═════ DATASET EXCERPT

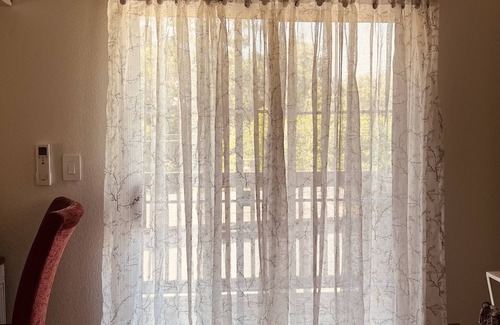 Roseville Apartamento | Treetop stay: private balcony, full kitchen
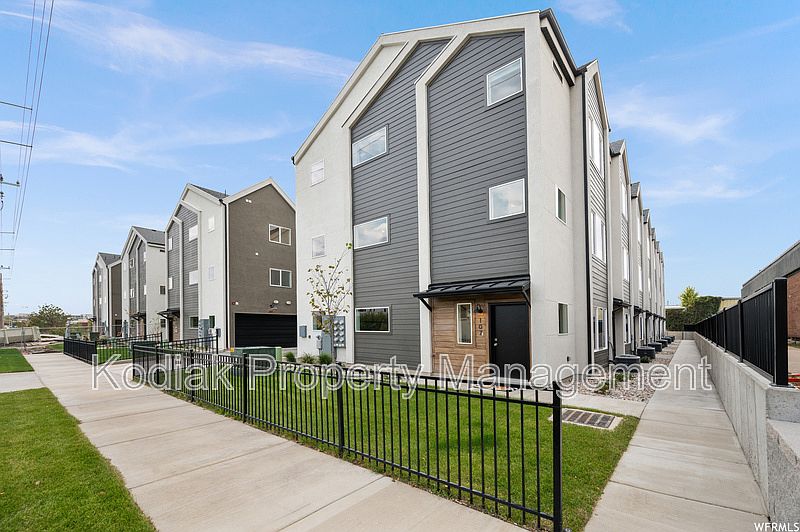 765 N 400 W #202, Salt Lake City, UT 84103 | Zillow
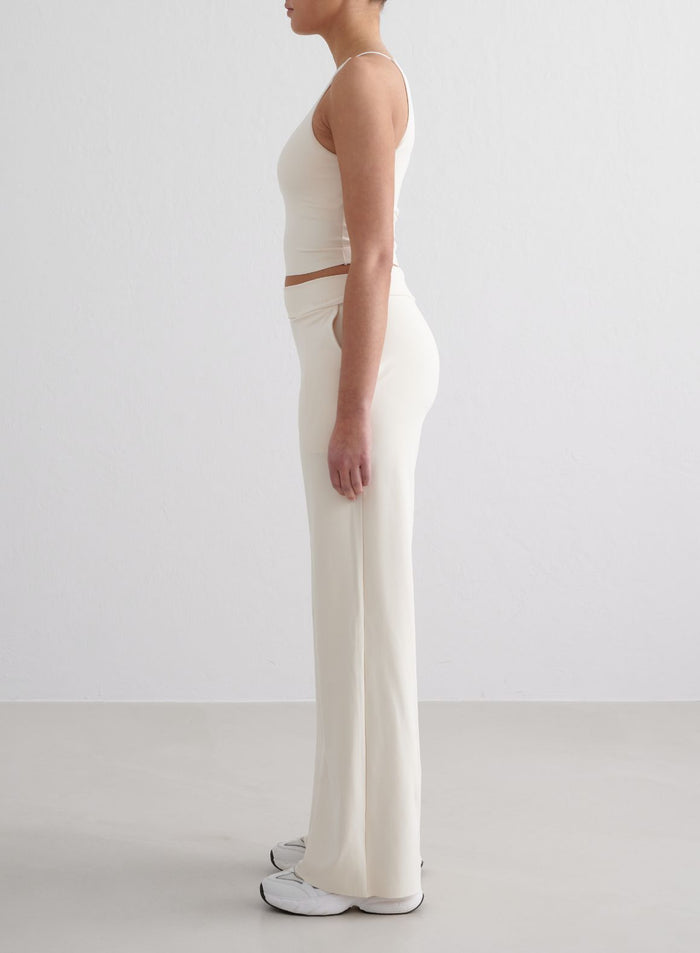 Almond White Sense Wide Pants & Halter Bralette Set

══════════

■ EXERCISE DETAILS
Exact reproduction is required. Output only the lines from the one with "765 N 400 W" through the end of the listing above, both ends included, and no pictures.

■ ANSWER TO THIS PROBLEM
 765 N 400 W #202, Salt Lake City, UT 84103 | Zillow
 Almond White Sense Wide Pants & Halter Bralette Set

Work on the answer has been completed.